A curadoria é de Carlos Basualdo, cuja seleção de obras está mais fluida no andar de baixo. O mezanino traz seções mais definidas, com temas como xadrez, ready-made e o acaso. O curador argentino contou com a colaboração do artista e cineasta francês Philippe Parreno, responsável pela mise en scène da exposição. Conceberam toda a mostra como uma atmosfera única e interligada, tirando proveito da arquitetura aberta do espaço. Reproduziram cenários – não só o de Rauschenberg, mas é possível também encontrar adereços cênicos baseados no Grande Vidro da performance Walk-Around de Cunningham – que provocam efeitos de transparência, sombras e luz.
A exposição traz uma montagem também pós-Duchamp, muito próxima ao que o artista imaginou para as exposições organizadas por seus amigos surrealistas, com uma estratégia curatorial que coloca o layout da mostra refletindo as estruturas internas das obras expostas. Duchamp, em 1938 e 1942, já tinha testado a colocação de pinturas em portas giratórias, a construção de labirintos de fios de barbantes para o público ultrapassar e até a distribuição de lanternas para os visitantes enxergarem obras em uma sala escura com sacos de carvão pendurados no teto.

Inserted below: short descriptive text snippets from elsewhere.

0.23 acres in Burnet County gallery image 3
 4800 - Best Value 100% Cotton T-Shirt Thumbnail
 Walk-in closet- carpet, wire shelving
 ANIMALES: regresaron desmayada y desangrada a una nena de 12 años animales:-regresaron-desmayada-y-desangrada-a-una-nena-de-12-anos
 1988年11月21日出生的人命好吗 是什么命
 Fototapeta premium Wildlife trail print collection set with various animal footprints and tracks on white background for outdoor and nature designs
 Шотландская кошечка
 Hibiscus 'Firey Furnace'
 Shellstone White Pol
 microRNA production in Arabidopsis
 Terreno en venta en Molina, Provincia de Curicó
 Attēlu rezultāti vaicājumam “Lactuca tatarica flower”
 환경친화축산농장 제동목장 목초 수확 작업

A experiência revela-se um modelo que poderia ser repetido em outras ocasiões, com diferentes artistas, pois a herança do homem que nutria uma paixão pelo xadrez pode ser reconhecida na produção de muitos nomes de gerações posteriores, que também incluíram elementos lúdicos e provenientes do acaso em suas obras. No caso específico desta dança em torno de Duchamp, expor as origens de seu pensamento e seus desdobramentos em artistas que foram seus contemporâneos, de maneira tão direta, foi uma grande sacada. Digna da homenagem a um pintor que preferiu o jogar além do seu tempo.
* Caroline Menezes é jornalista e crítica de arte, doutoranda em Teoria da Arte pela University of the Arts London.